At the Sept. 8 Westerville City Schools board meeting, the district's food services staff summarized operations, federal compliance, local sourcing efforts and recent equipment upgrades.
The presenter, introduced as Mr. Kessler, said the department served 1,788,844 meals last year across 23 buildings and employs 106 staff, 41 of whom have advanced training in food safety. He said the food services operation is self-sustaining: federal reimbursements and program sales cover expenses rather than the district general fund.
Kessler briefed the board on federal meal requirements and local practices: meals comply with U.S. Department of Agriculture (USDA) and National School Lunch and Breakfast Program patterns; the district follows "offer versus serve" rules that require offering all meal components while allowing students to decline certain items; and beginning July 1, 2025, added-sugar limits took effect for certain breakfast items (cereal, yogurt and flavored milk).

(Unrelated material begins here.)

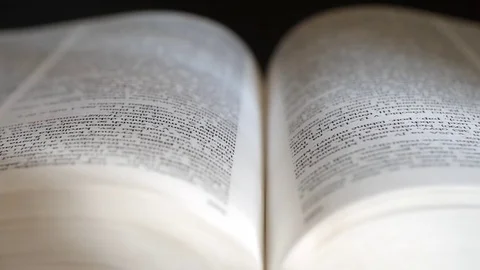 Detailed view of an open book. Refocus the camera shot. Stock Footage 73462167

He described Farm-to-School activities and local purchases, including apples and other fruit from Baumann Orchard and ongoing work with Westerville North High School's garden. The department participated in state summer and fall farm-to-school events and reported winning a silver-bead award for summer participation.
Kessler said the department underwent an administrative review, a procurement review and a resource-management review; all were closed with no violations and the administrative review included a commendation for organized paperwork and menu variety. He also described recent kitchen upgrades paid for from the food service account (not the general fund): examples cited were new hot/cold wells at Hamby, a steamer and upgraded exhaust hoods at Hawthorne, two combi ovens and a walk-in cooler at Whittier, and larger freezer units for Wilder and Hawthorne to support more on-site cooking.
On distribution, Kessler described a satellite model: many elementary meals are cooked at central kitchens (South High School or Central High School), loaded into hot or cold carts, and shipped to buildings; the district is adding equipment to some elementary sites so more cooking can be done on-site to improve food quality. He noted the department offers alternate meals (gluten-free, egg-free, dairy-free, soy-free) and uses nutrition-calculator tools to ensure a la carte items meet nutrition standards.
Board members asked about procurement equity and how new menu items are selected. Kessler said procurement reviews analyzed vendor transactions and that menu rotation decisions are based on sales data, vendor demonstrations and taste tests; coordinators now help with more systematic taste-testing in schools. He also explained multiple ways families can add funds to student accounts (PaySchools, check, cash) and that weekly balance notifications are sent for negative balances.
Why this matters: the report outlines the scale of the district's meal program, federal compliance and local sourcing efforts, and near-term equipment investments that aim to improve meal quality and service efficiency.
No action was taken; the presentation was informational.